Brahmins & Beyond: Matthew Pearl on the Poetic and Literary History of Boston and Cambridge
February 26, 2009 at 7:00 p.m
Matthew Pearl (author of the international bestsellers Dante's Club and Poe's Shadow) takes us on an illuminating journey through Boston's literary landscape during its 19th and early 20th century heyday. Co-sponsored by the Woodberry Poetry Room and The Wick, a publication of the Harvard Divinity School.
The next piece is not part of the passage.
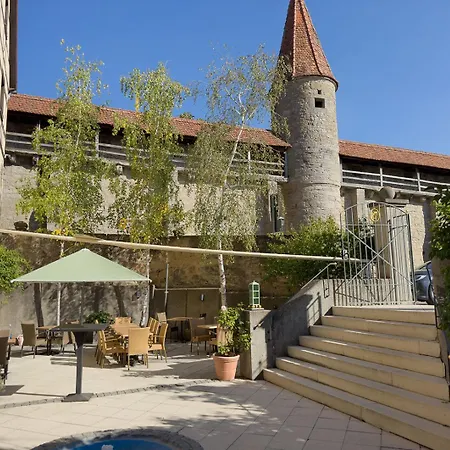 Prinzhotel Rothenburg Hotell 4*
The Poet's Voice: Mary Jo Bang, Catherine Barnett, and Noelle Kocot
March 11, 2009 at 7:00 p.m.
Join us as we launch our season of Poet's Voice readings with three preeminent poets: National Book Critics Circle Award winner Mary Jo Bang (author of Elegy and the forthcoming The Bride of E), Whiting Award winner Catherine Barnett (author of Into Perfect Spheres Such Holes are Pierced) and Noelle Kocot (author of Poem for the End of Time and Other Poems). Broadsides of a poem by each author will be produced by Harvard's Bow & Arrow Press.

The Poet's Voice: Maurice Manning, Sabrina Orah Mark, and Jeffrey Yang
March 18, 2009 at 7:00 p.m.
Join us for the second reading in our Poet's Voice series, featuring poets from across the country whose work is staking out new terrain in the American grain. Our readers for the evening will be Yale Younger Poets Prize winner Maurice Manning (author of Bucolics), Sabrina Orah Mark (author of Tsim Tsum and The Babies) and Jeffrey Yang (author of An Aquarium: Poems).

Reconfiguring Romanticism: Readings from Poems for the Millennium, Volume Three,
with Bill Corbett, Gerrit Lansing, Jeffrey C. Robinson, Jerome Rothenberg, Keith Waldrop & others
March 30, 2009 at 7:00pm
In conjunction with the recent release of Poems for the Millennium, Volume Three, this reading and discussion will reveal surprising continuities between the Romantic canon and the experiments of modernism and postmodernism. Introduced by Patrick Pritchett.

Critical Contexts: A Woodberry Poetry Roundtable on the State of Contemporary Poetry
April 1, 2009 at 7:00 p.m.
National Poetry Month begins with a dynamic interchange among three influential poet-critics Stephen Burt, Adam Kirsch, and Maureen McLane, as they survey the contemporary poetry landscape and share their current fascinations, concerns and discoveries. Moderated by Robert N. Casper (Program Director of the Poetry Society of America and Publisher of Jubilat). Co-sponsored by the Woodberry Poetry Room and the Poetry Society of America.

The Poet's Voice: Dobby Gibson, Fanny Howe, and Sarah Manguso
April 20, 2009 at 7:00 p.m.
Join us for the grand finale reading in our Spring 2009 Poet's Voice series, featuring Dobby Gibson (author of Skirmish, forthcoming from Graywolf Press), Rome Prize winner Sarah Manguso (author of Two Kinds of Decay and Siste Viator), and the 2008 recipient of the Academy Award in Literature, Fanny Howe (author of Gone: Poems and The Winter Sun: Notes on a Vocation, forthcoming from Graywolf Press).